Of high birth into a venerable family, the aristocratic Ruffin ended his honeymoon early to enlist as a private in the first volunteers' regiment called out from Virginia during the War of 1812. Though the young man saw no combat in his six months of service, the Virginian relished the military discipline which had been instilled within him, seeing, as most of our finest men once did, military service as equal parts duty and responsibility, the highest manifestation of the noblesse oblige which once suffused the American ruling class. He elaborated on this principle, writing that "young people of 'gentle birth,' or used to early comforts, but also of well-ordered minds, could undergo necessary hardships with more contentment and cheerfulness than other persons of lower origin, and less accustomed to the indulgences and the training that wealth and high position afforded."

Ruffin returned home to find the great farmlands of Tidewater Virginia ruined, its fields fallowed not only by rampaging British soldiers, but by generations of careless agriculture. Knowing next to nothing of the arts of farming, he looked to his neighbors for assistance, only to discover that it was an exercise in futility; his neighbors "adhered blindly to traditional, ineffective methods." Determined, he followed the instructions of John Taylor's Arator series to the letter, which only served to deepen his soil erosion. Equally as ignorant of chemistry, Ruffin was nevertheless intrigued by Sir Humphry Davy's Elements of Agricultural Chemistry, which speculated that carbonate of lime might neutralize soil acidity. Working from engravings in Davy's book, Ruffin reproduced the author's testing apparatus and used his new equipment to test the chemical composition of he and his neighbors' soil.

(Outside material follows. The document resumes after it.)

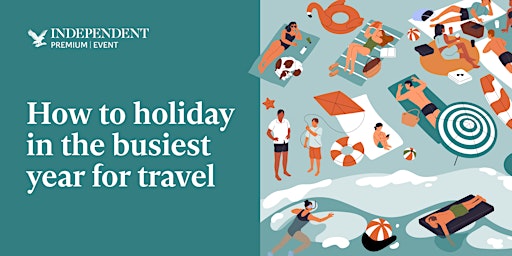 Primaire afbeelding van How to holiday in the busiest year for travel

As Eric Walther explains, Ruffin's tests "showed that the fossil shells, or marl, so abundant in the region had sufficient alkalinity to correct the chemical imbalance in the fields." In early 1818, Ruffin excavated marl from pits on his estate; though Tidewater farmers had used marl before, Ruffin was the first to combine marling with John Taylor's methods of cultivation. His gambit worked wonders, producing a corn yield forty percent greater than his control sample. Walther thus remarks, "The self-trained scientist had proved skeptical neighbors wrong and discovered the key to rejuvenating the soil of the Tidewater South." In order to popularize his scientific agriculture, Ruffin launched a monthly periodical, the Farmer's Register, in 1833. This entry into publishing awakened something within the brilliant planter.

By the early 1820s, the Virginian believed that the Federal government, though it had not yet become the Leviathan that it was in short order to become, had usurped too much power; Ruffin feared , quite presciently, that his "States' Rights republican creed and principles will hereafter, as heretofore, be professed only by parties out of power and seeking its attainment." He possessed "very little respect for the general course and measures of any party" and therefore belonged to none; in 1823, Ruffin rejected all five of the likely candidates for the 1824 Presidential campaign, seeing Andrew Jackson, Henry Clay, John Quincy Adams, John C. Calhoun, and William H. Crawford all to a man as having "disregarded constitutional checks on Federal power through their advocacy of tariffs, internal improvements, and Federal banks." Ruffin urged his fellow Virginians to support Nathaniel Macon, and, as a last resort, promoted the hated Federalist John Marshall; as Ruffin saw it, he would prefer an avowed, consistent Federalist to a Federalist who called himself a republican.